Я потерял уверенность — вот что случилось со мной.
Раньше я легко ввязывался в споры, никогда не упускал случая поддразнить кого-нибудь и не прочь был похвастаться: «А мой отец говорит…», «А мой отец лучше знает…», «А мой отец…» Теперь же я стал больше помалкивать. Я знал, что меня могут осадить в любой момент, и боялся этого, и оттого чувствовал себя неуверенно.
Раньше я всегда был вместе с ребятами, а теперь стал оставаться один. И когда оставался один, придумывал себе разные развлечения, о которых никто не подозревал, кроме меня. Например, мне нравилось незаметно идти по улице вслед за патрулем, наблюдать за всеми действиями патрульных и воображать, будто у меня на поясе тоже висит револьвер в кожаной кобуре и это мне отдают честь встречные солдаты, это на меня уважительно посматривают прохожие, это я готов в любую минуту вступить в схватку с бандитами или хулиганами. А иногда мне нравилось воображать себя разведчиком — тогда мне приходилось неслышно красться вдоль стен, прятаться в подворотнях или с безразличным видом пристраиваться к очереди на автобусной остановке, пропуская мимо себя преследователей…
Однажды я так увлекся, что не заметил, как забрел далеко от школы.
Я шел и шел за патрульными и вдруг обнаружил, что оказался на вокзальной площади.
На этой площади всегда людно. Здесь разворачиваются автобусы, здесь вдоль тротуара выстроились киоски, здесь терпеливо томится очередь на стоянке такси, здесь стоят бочки с квасом и продавщицы мороженого бродят со своими ящиками…
Я очень люблю вокзал, я мог бы часами толкаться на этой площади, но сейчас я сразу вспомнил ночной разговор, вспомнил, как отец дожидался здесь темноты, и у меня опять стало тяжело на сердце.
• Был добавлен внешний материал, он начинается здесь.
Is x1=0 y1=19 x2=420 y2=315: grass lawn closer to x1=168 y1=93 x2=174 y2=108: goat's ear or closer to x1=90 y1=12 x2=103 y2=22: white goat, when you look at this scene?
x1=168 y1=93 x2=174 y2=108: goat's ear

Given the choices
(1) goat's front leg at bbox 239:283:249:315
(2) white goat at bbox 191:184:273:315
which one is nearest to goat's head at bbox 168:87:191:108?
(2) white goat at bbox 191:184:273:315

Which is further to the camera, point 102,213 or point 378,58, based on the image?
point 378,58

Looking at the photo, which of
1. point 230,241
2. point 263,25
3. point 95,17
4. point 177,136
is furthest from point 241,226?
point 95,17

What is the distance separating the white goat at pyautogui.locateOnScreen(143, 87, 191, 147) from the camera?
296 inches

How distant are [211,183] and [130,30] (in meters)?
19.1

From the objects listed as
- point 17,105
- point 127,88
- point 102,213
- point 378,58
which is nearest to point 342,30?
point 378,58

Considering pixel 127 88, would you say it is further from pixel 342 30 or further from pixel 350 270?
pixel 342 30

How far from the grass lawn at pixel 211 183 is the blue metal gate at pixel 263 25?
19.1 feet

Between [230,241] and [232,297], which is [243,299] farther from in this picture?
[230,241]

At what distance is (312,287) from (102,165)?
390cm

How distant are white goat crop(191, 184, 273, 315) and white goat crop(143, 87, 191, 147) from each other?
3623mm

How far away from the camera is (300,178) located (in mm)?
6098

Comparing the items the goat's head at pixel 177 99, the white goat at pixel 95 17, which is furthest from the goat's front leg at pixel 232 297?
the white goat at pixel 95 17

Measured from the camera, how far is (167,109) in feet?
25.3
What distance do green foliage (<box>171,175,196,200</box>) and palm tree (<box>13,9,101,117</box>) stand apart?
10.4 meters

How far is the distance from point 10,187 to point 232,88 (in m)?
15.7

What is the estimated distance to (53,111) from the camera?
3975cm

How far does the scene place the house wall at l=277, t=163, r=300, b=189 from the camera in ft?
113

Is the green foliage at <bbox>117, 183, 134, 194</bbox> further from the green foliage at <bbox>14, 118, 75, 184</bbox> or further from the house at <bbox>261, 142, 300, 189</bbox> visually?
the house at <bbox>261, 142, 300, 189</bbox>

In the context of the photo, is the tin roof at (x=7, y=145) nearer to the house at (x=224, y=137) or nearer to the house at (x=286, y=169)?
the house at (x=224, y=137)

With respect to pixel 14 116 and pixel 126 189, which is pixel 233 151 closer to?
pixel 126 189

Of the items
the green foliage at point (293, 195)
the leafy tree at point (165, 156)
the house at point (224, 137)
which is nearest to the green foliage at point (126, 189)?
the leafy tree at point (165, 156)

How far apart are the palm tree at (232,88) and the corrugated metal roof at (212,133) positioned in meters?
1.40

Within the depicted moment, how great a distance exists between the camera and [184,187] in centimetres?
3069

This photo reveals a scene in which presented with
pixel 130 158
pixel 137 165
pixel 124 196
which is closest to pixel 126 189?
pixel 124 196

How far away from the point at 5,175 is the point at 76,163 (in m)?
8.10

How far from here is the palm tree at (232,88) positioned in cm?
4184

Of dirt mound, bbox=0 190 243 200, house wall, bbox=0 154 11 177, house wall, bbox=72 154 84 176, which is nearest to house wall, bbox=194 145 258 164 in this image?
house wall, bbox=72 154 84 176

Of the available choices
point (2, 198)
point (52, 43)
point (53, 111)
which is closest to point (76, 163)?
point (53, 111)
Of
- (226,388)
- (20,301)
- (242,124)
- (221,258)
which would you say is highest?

Я представил себе, как сошел он в тот день на перрон и его никто не встречал, — ни я, ни мама даже не знали, что он уже здесь, в нашем городе; всех встречали, а его нет; я представил, как сидел он в зале ожидания на деревянной лавке наедине со своими невеселыми мыслями…
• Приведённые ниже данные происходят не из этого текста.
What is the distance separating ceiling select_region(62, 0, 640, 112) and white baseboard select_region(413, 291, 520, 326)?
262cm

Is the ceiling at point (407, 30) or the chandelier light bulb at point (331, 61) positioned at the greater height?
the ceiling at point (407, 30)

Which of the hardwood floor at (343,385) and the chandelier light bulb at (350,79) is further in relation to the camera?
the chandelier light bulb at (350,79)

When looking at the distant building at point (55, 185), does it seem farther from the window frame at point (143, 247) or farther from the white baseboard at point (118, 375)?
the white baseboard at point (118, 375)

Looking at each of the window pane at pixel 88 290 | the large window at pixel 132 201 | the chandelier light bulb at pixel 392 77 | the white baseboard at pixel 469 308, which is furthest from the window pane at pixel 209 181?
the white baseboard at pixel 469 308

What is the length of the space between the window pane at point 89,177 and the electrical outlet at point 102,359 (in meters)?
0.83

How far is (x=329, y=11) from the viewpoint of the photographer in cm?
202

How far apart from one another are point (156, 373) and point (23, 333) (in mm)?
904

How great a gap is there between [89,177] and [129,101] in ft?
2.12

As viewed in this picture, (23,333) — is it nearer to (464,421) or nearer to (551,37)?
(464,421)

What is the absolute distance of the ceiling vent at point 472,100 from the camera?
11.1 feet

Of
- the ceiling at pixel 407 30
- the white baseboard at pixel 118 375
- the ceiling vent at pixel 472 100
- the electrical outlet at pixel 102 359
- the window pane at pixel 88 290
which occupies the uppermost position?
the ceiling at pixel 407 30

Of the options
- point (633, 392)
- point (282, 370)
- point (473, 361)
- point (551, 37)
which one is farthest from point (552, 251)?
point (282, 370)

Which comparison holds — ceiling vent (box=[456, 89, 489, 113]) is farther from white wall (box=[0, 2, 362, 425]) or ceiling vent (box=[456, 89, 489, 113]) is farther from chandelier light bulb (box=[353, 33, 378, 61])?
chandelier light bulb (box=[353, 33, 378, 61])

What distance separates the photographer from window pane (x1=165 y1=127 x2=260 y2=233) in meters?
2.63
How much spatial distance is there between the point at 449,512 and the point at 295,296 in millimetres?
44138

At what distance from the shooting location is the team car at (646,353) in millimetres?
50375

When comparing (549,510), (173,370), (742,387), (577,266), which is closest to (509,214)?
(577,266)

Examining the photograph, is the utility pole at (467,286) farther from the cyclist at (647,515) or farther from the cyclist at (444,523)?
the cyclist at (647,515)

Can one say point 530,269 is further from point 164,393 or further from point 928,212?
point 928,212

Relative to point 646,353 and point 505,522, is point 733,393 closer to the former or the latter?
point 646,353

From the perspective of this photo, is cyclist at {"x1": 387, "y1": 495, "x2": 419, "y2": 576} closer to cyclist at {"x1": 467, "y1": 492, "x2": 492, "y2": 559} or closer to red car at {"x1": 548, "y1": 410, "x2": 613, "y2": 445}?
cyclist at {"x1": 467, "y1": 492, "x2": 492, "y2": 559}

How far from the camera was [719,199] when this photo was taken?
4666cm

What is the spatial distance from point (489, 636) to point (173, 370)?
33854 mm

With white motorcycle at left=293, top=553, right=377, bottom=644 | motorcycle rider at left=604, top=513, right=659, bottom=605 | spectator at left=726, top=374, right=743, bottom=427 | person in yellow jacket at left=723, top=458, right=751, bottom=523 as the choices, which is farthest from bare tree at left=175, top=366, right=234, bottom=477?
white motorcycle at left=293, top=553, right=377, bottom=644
Я остановился около вокзальных тяжелых дверей и, задрав голову, принялся изучать расписание поездов. Почему-то мне вдруг захотелось, мне стало вдруг важно узнать, на каком поезде приехал тогда отец.
Я рассматривал расписание и неожиданно услышал у себя за спиной чей-то голос:
— Далеко ли собрался, Серебрянников?
Я вздрогнул, обернулся и увидел подполковника Евстигнеева, замполита части.
Подполковник Евстигнеев был, пожалуй, единственным человеком в военном городке, кого я побаивался. В общем-то, не было у меня никаких причин его бояться, ни в чем я перед ним не провинился, а вот все-таки предпочел бы я с ним не встречаться.
Я даже точно могу сказать, с каких пор я стал его побаиваться.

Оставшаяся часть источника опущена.